The amendments will require disclosure of the following specified information to the extent necessary to an understanding of off-balance sheet arrangements and their material effects:
- the nature and business purpose of the registrant's off-balance sheet arrangements;
- the importance to the registrant for liquidity, capital resources, market
risk or credit risk support or other benefits;
- the financial impact and exposure to risk; and
- known events, demands, commitments, trends or uncertainties that implicate
the registrant's ability to benefit from its off-balance sheet arrangements.
Consistent with the existing MD&A requirements, the amendments will contain a principles-based requirement that a registrant provide such other information that it believes is necessary for an understanding of its off-balance sheet arrangements and their specified material effects.
In addition, the amendments will include a requirement for registrants to disclose, in a tabular format, the amounts of payments due under specified contractual obligations, aggregated by category of contractual obligation, for specified time periods. The categories of contractual obligations to be included in the table are defined by reference to the applicable accounting literature.

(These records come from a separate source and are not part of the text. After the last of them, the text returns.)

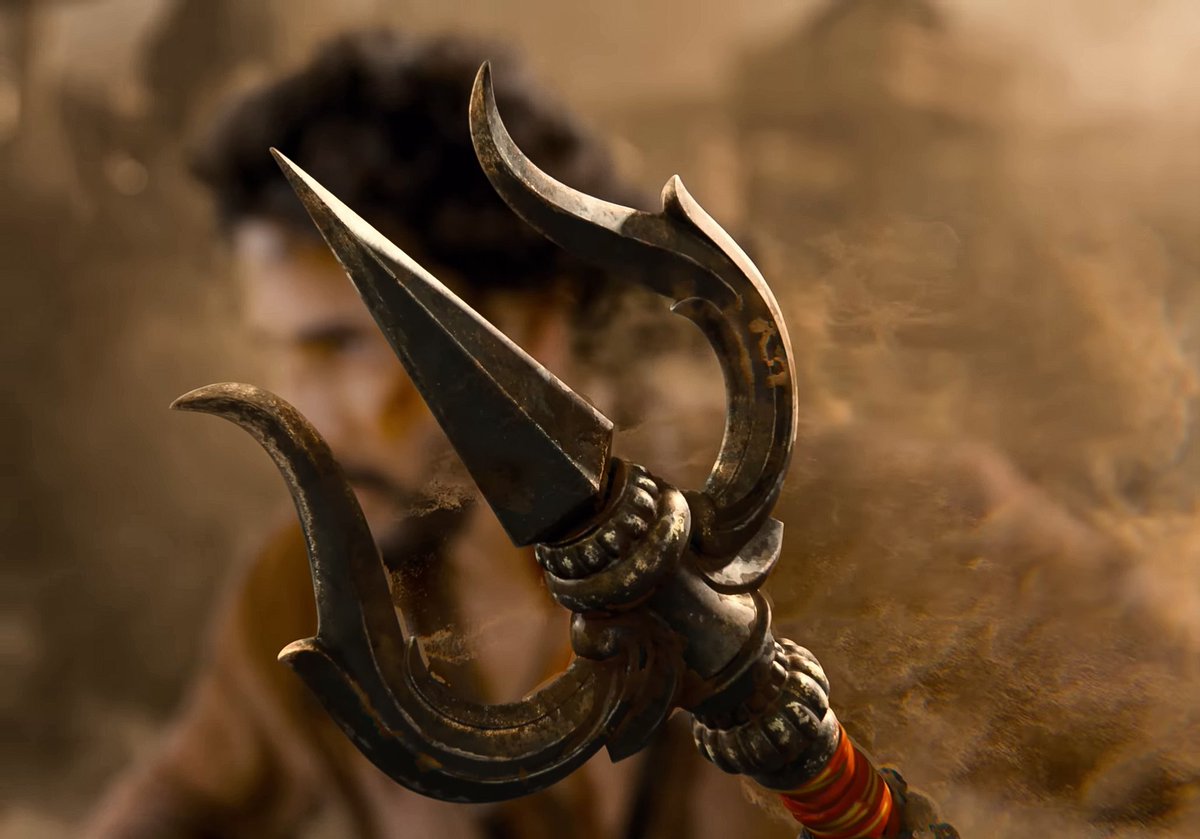 SSMBTrendsTeam's tweet photo. On the rise to the world @VaranasiMovie 🔱🌍🛐

@urstrulyMahesh #VARANASI https://t.co/lpqRXktRE6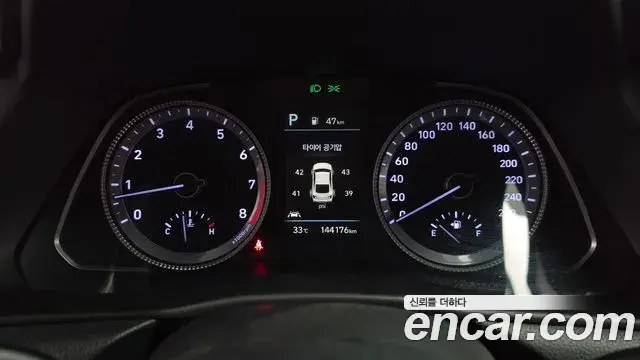 Hyundai Sonata 2022 — Photo 8/20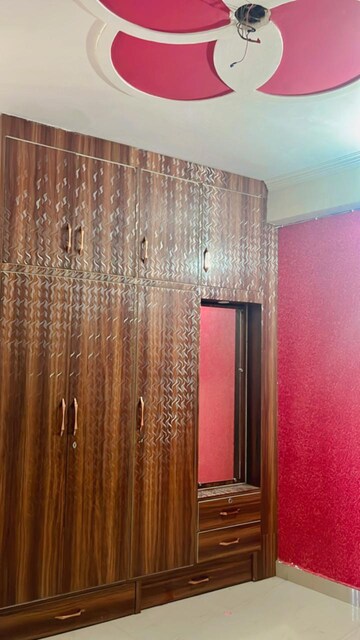 Furnished Amenities in 2.5 BHK Apartment at Aims Golf City, Sector 75 – for Rent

Registrants will be required to comply with the disclosure requirements for off-balance sheet arrangements in Commission filings that are required to include financial statements for the fiscal years ending on or after 15 June 2003. Registrants will be required to comply with the disclosure requirements for the table of contractual obligations in Commission filings that are required to include financial statements for the fiscal years ending on or after 15 December 2003. Registrants could voluntarily comply with the new disclosure requirements before the compliance dates.
(L) UK REVIEW OF AUDIT COMMITTEES
On 20 January 2003, the United Kingdom Financial Reporting Council (FRC) published the report it had commissioned titled "Audit Committees Combined Code Guidance".
Following the major corporate failures in the US last year, the FRC was asked to set up an independent group to clarify the role and responsibilities of audit committees and to develop the existing Combined Code guidance. The role of audit committees in reinforcing the independence of the auditor was a major concern. Sir Robert Smith, Chairman of The Weir Group PLC and a member of the FRC, was invited to chair the group.
The key points in the report, to be reflected in the Combined Code and the detailed guidance, are:
(1) Composition of the audit committee
- Committee to include at least three members, all independent non-executive
directors.
- At least one member to have significant, recent and relevant financial experience,
and suitable training to be provided to all.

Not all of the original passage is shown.